14 January

Skills Shortage: What To Do?

Is The Cyber Security Industry Doing Enough To Solve Its Skills Shortage Problem?
 
Cyber security professionals worldwide feel ill-equipped to manage the ever-evolving threat landscape they have to face on a daily basis – they need help. But where are the people they need to hire? The cyber security’s workforce gap has become the top concern for professionals in the industry, outranking what were once more common ones, such as lack of budget and time.
 
In 2017, studies predicted that the global cyber security workforce gap would reach 1.8 million by 2022. But by October 2018, the actual global number reported was already a staggering 2.9 million. Things are much worst, much sooner… But is the cyber security industry doing enough to help solve this problem?
 
Kaspersky Lab’s 2018 Cyber Skills Report noted that 80% of Italian businesses find it difficult to recruit IT security professionals. Meanwhile, a surprisingly high number of youngsters in the country use their digital savviness to exacerbate cyber crime, rather than prevent it.
 
25% of young adults surveyed by Kaspersky in Italy know someone who is currently undertaking potentially illegal cyber activities –such as malicious hacking. The underlying message here is that there is a pool of highly-skilled people who are either not being considered for the job openings, don’t know about them, or aren’t interested. Without incentive or support from the security industry, young talents might be wasted in the dark web or somewhere else far away from the offices of cyber security solutions providers.
 
71% of young people globally aren’t aware of any IT security graduate opportunities or internships. And yet, they are expected to have substantial experience before applying for most job openings in cyber security. Organisations need to develop more entry doors through which new cyber security workers– be them young students or professionals changing career paths- can develop their skills through practice.
 
But when it comes to preparing the future generations of cyber security professionals, the majority of Italian IT professionals attribute that responsibility to the higher education sector (38%). Perhaps it is time for both sectors to work closer together – such as through research collaborations, by having industry experts consulting on course materials, or by counting on more organisations to offer internships for current students. Partnering up with educational institutions, the cyber security industry can ensure that theory and practical learning are living up to the industry’s expectations and demands.
 
There seems to be a chronic asymmetry between what IT security hiring managers are seeking and what those attempting to enter the industry can offer.
 
Other industry numbers, found by the GISWS study, point to paradoxical trends: 92% of the industry’s hiring managers say past experience in security is important. However, it is not uncommon for cyber security workers to arrive at their jobs via unconventional paths – 87% of them, globally, migrated from another career into cyber security and often rise to become key decision makers in their organisations (globally, 33% of cyber security executives and C-suite professionals fit this category).
 
Research also shows that the preferred recruitment sources among hiring managers is their social and professional networks, but it is unlikely that these include very diverse individuals – or so we are led to believe: nearly 90% of the industry’s current global workforce is male and the majority arrive in information security with a computer science or engineering background.
 
Cyber security can’t afford to be a man’s world anymore. It is a fair conclusion that women, representing nearly half of the world population but only about 10% of this industry’s workforce, could potentially narrow down the workforce gap if they felt more encouraged to venture into the industry. For this and other solutions to really take off, new recruitment practices are needed – particularly ones that move away from prioritising existing experience in the field.
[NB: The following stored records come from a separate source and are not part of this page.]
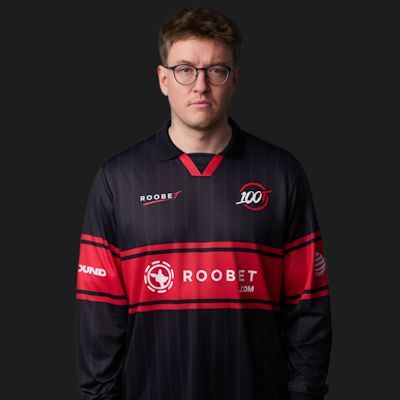 Alecto FACEIT avatar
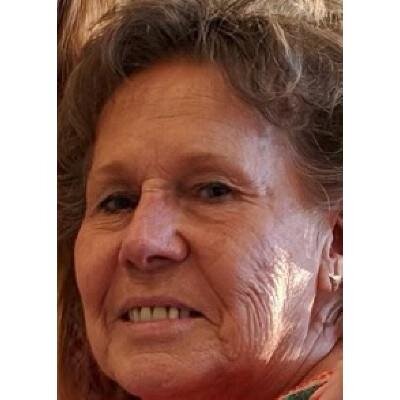 Wanda Marshall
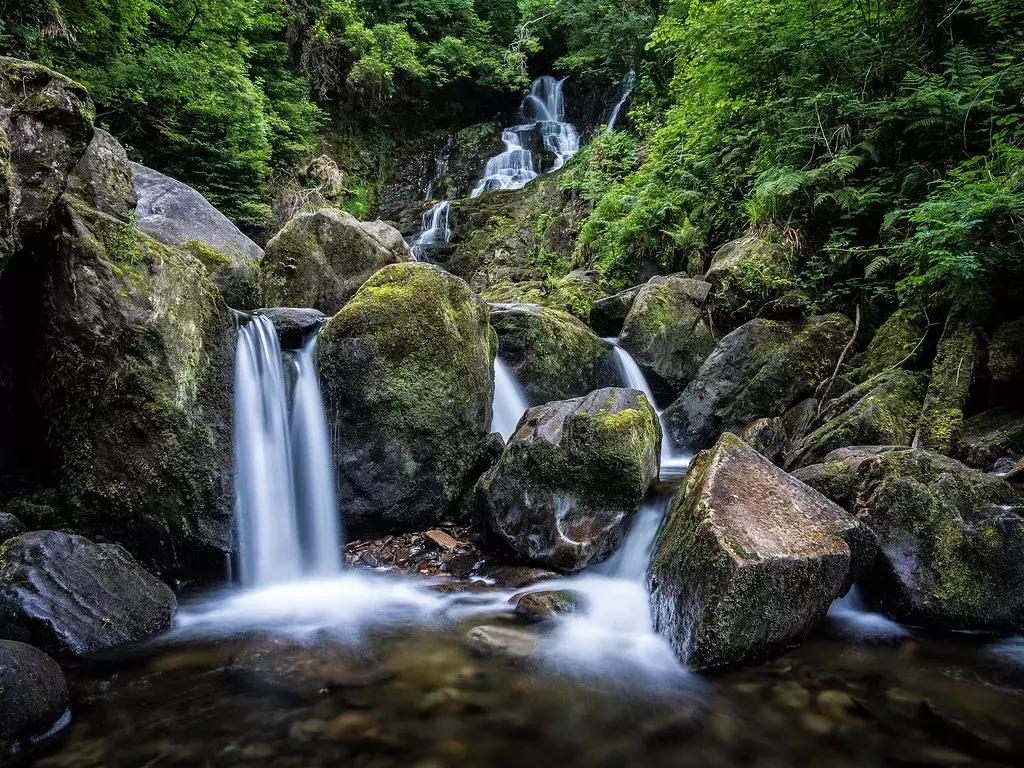 世界上哪些国家禁止离婚,世界上禁止离婚的国家高清视频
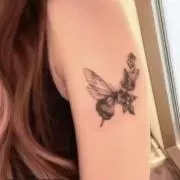 まぴまぴ
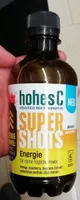 Hohes C Super Shots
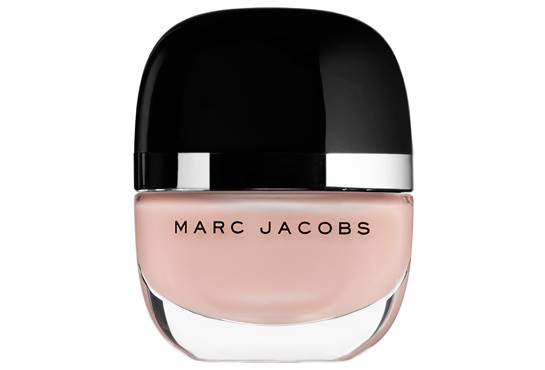 Marc Jacobs tung dòng mỹ phẩm của mình sang thị trường Pháp - Nhà thiết kế - Mỹ phẩm - Trang điểm - Marc Jacobs - Làm đẹp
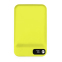 Універсальна мобільна батарея Powerbank Model D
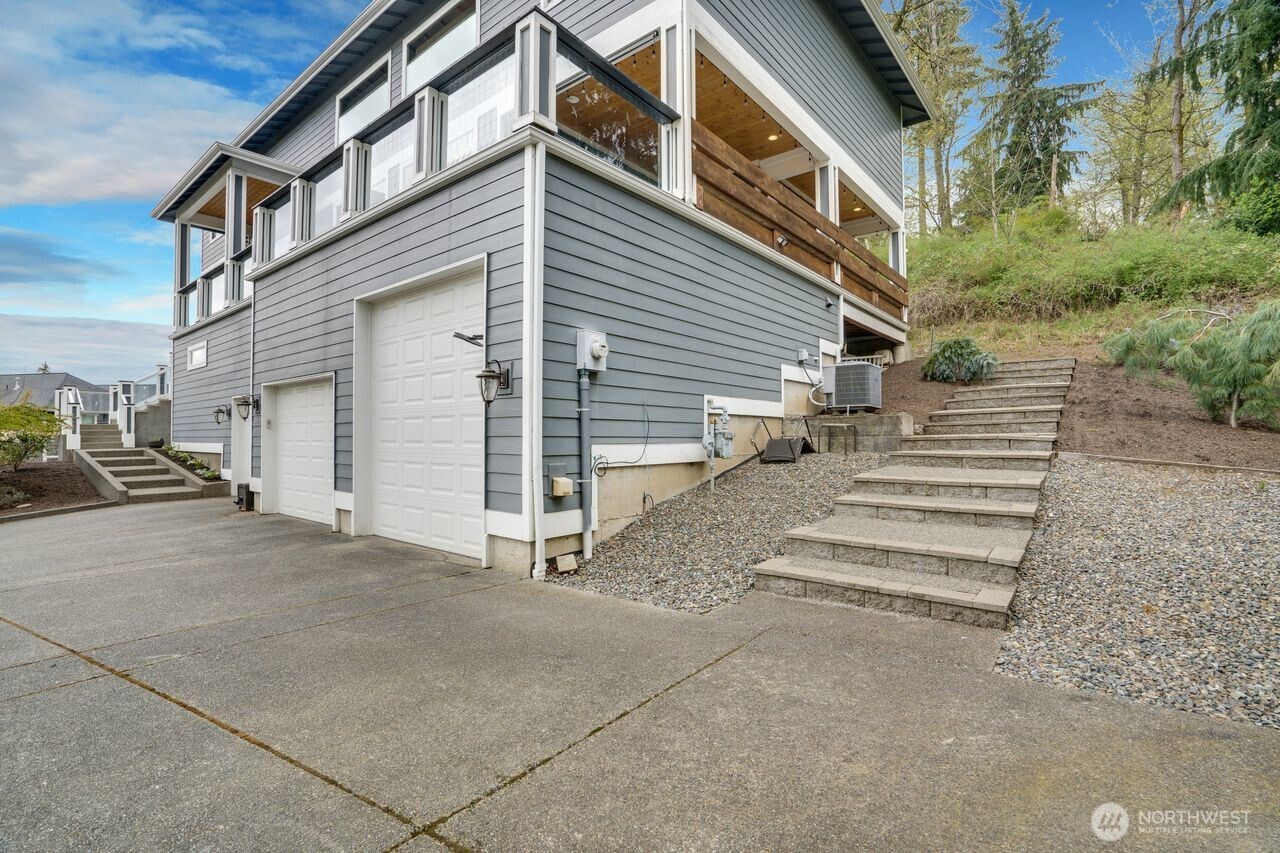 1401 32nd Street Pl SE Puyallup WA 98372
 More opportunities that support diversity and professional development will help address underrepresentation in the industry (of gender, age and race) – And when this happens, the workforce gap will also improve.
 
Rather than attributing separate responsibilities to different sectors of society, solving a problem of this scale requires coordinated efforts from the cyber security industry, education systems and the government – all of which are affected by poor cyber safety and should hurry to collaborate on solutions.